Restate each line of the listing exactly, without carrying over any pictures.

* SOURCE MATERIAL:

= = =

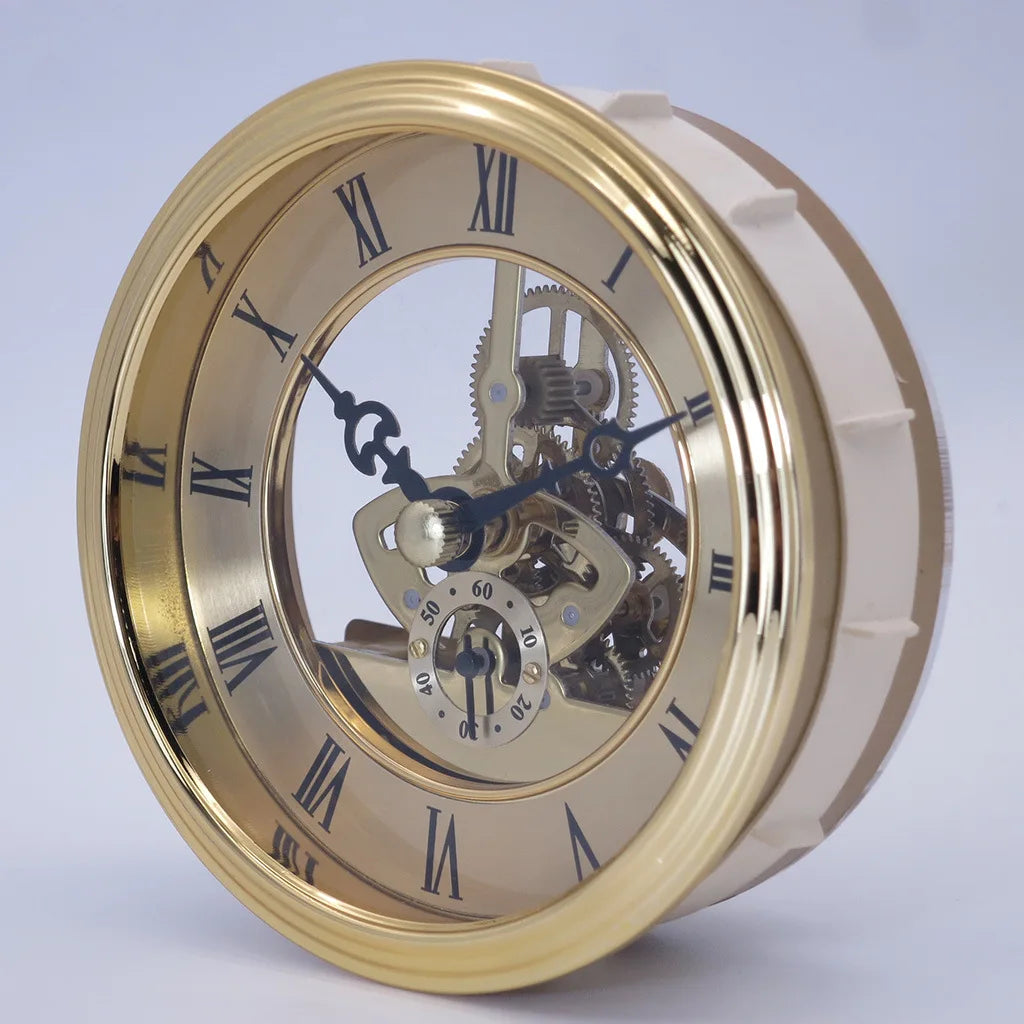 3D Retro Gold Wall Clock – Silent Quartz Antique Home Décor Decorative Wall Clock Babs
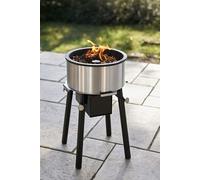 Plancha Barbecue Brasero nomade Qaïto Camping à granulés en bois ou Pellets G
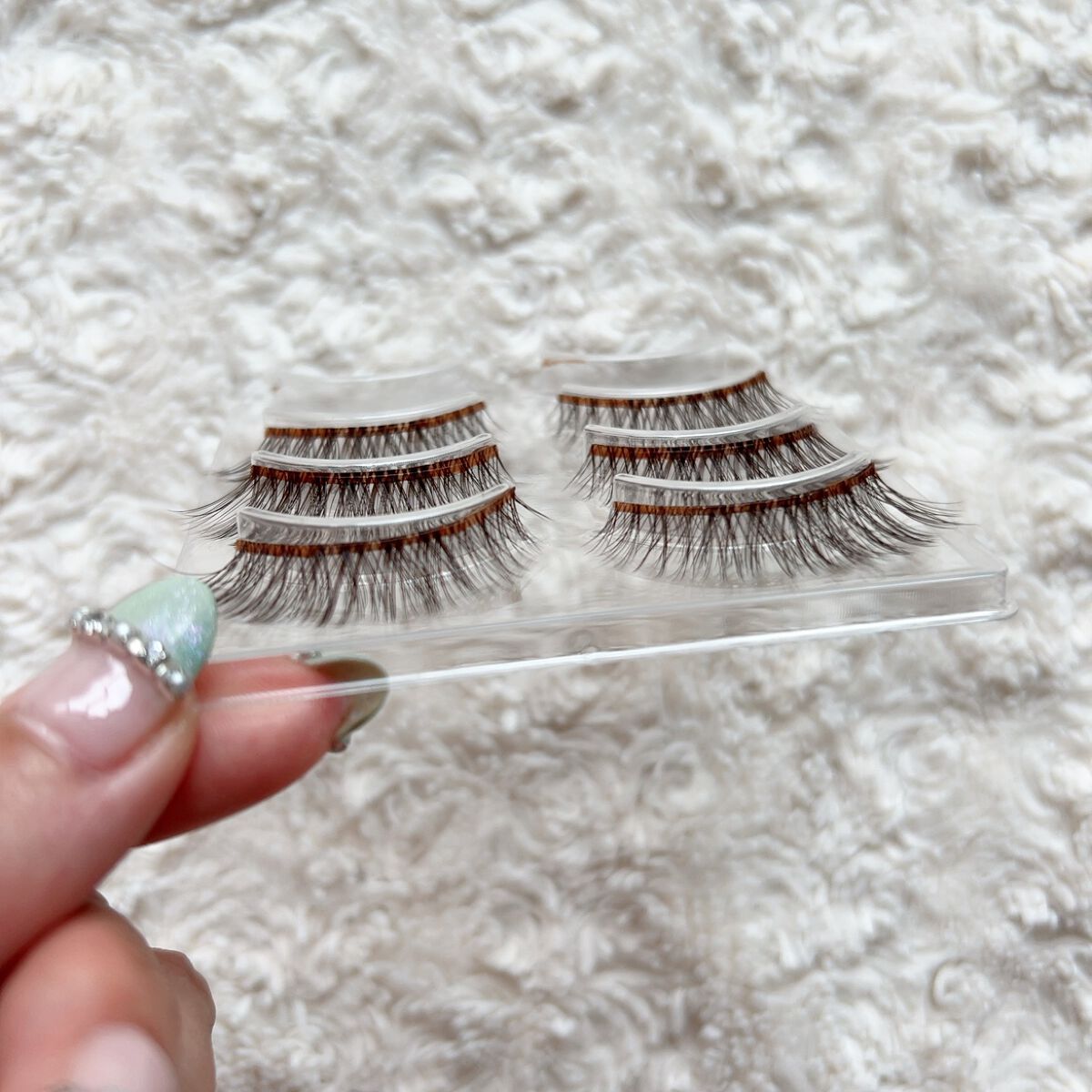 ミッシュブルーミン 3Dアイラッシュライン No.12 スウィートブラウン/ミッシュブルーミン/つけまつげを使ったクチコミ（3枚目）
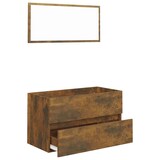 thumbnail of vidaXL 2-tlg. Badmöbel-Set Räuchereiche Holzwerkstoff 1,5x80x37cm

= = =

* EXERCISE OUTPUT:
 3D Retro Gold Wall Clock – Silent Quartz Antique Home Décor Decorative Wall Clock Babs
 Plancha Barbecue Brasero nomade Qaïto Camping à granulés en bois ou Pellets G
 ミッシュブルーミン 3Dアイラッシュライン No.12 スウィートブラウン/ミッシュブルーミン/つけまつげを使ったクチコミ（3枚目）
 thumbnail of vidaXL 2-tlg. Badmöbel-Set Räuchereiche Holzwerkstoff 1,5x80x37cm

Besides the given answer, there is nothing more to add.